Now that I want to play with the policy:

  ...
  policy, _ = load_policy("sac", env_name=task_name, policy_path=policy_path, env_config=env_config)

  env = make_env(env_config)
  obs = env.reset()
  done = False
  while not done:
    action = policy.compute_action(obs)
      obs, reward, done, info = env.step(action)
  env.disconnect()

and the question is what should policy_path be? I have tried .../best_model/, .../checkpoint_** and .../checkpoint_**/checkpoint-** and all of them throw no exceptions. However, the behavior of the loaded policy looks pretty random and is far away from that in the execute.gif produced during training. Is this expected?

Thanks in advance and looking forward to your response.

yufeiwang63 commented 3 months ago

Hi,

Thanks for raising this issue. I have to double check how to correctly load the policy since it has been a while. But can you first check this: I think for opening laptop, there will be two substeps, where the first is a motion planning substep that moves the gripper towards the laptop lib, and the second step is to use RL to open the laptop.
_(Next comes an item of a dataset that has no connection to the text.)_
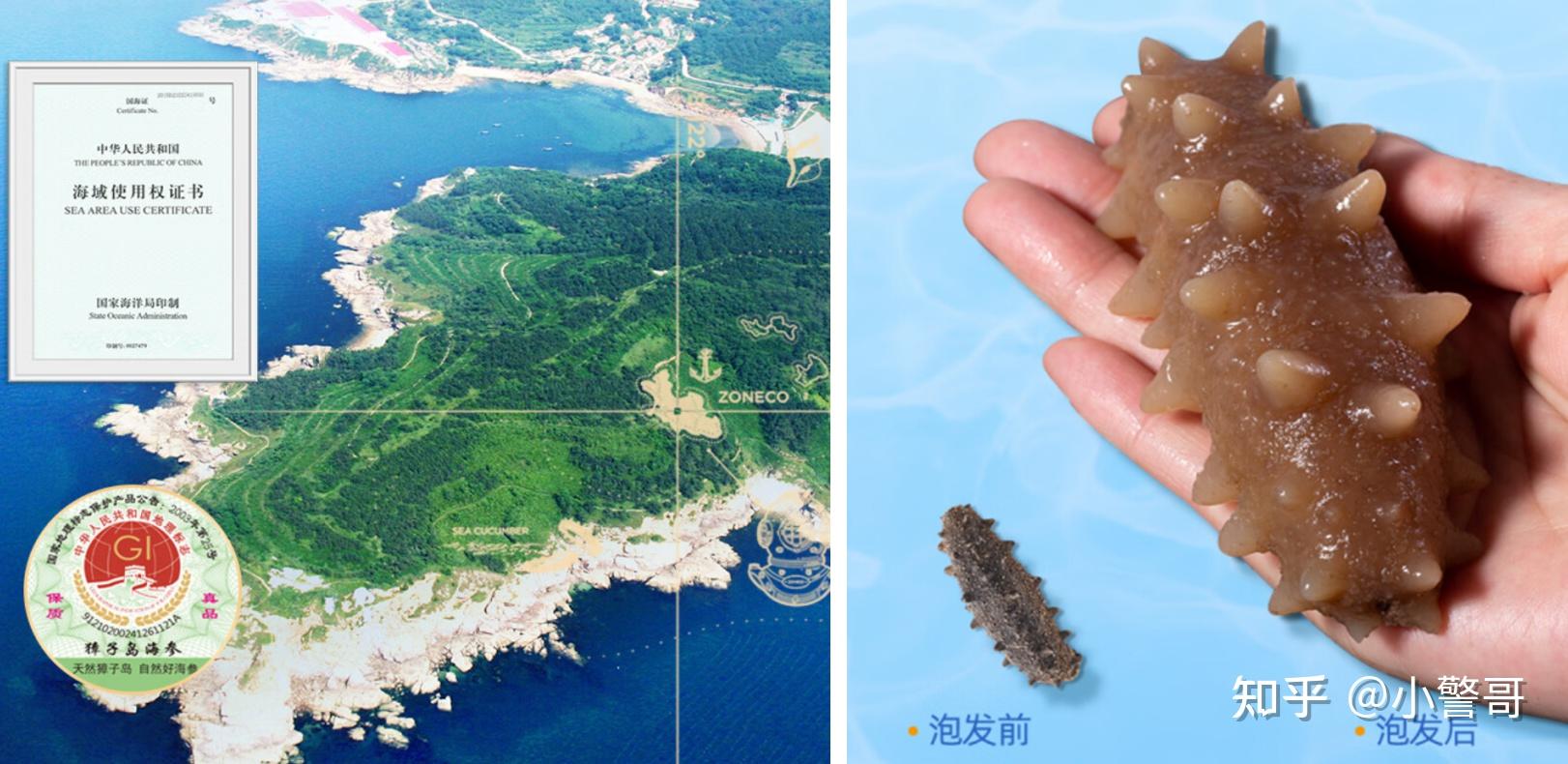 2024海参十大品牌推荐:即食海参|淡干海参|速发海参什么牌子好?好当家|同仁堂|獐子岛|棒棰岛|海晏堂等海参品牌,适合送长辈、送父母、送孕妇 ...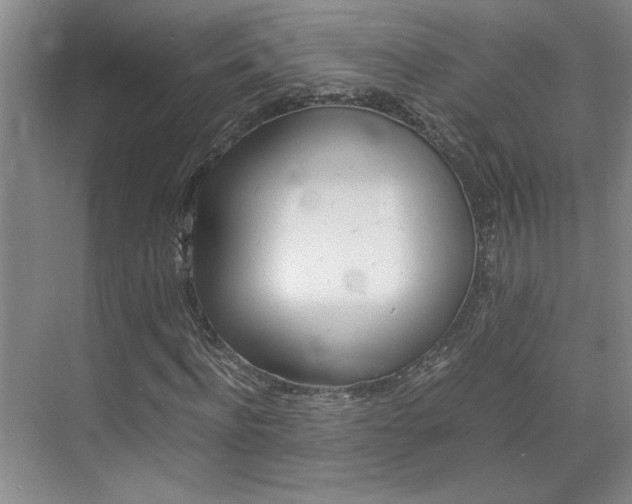 X0000071840916200606301100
Therefore, for the trained RL policy to work, the environment should be initialized to the state where the gripper is already attached the laptop surface, since this is the initial state where the RL policy is trained on. When building up the environment, are you setting last_restore_state_file to be the path of the state file that stores the last step of the motion planning substep?

btx0424 commented 3 months ago

Yes. I basically modified the reward step of execute.py to load from a policy path instead of training a new policy. So the policy execution starts from the last state of the motion planning step.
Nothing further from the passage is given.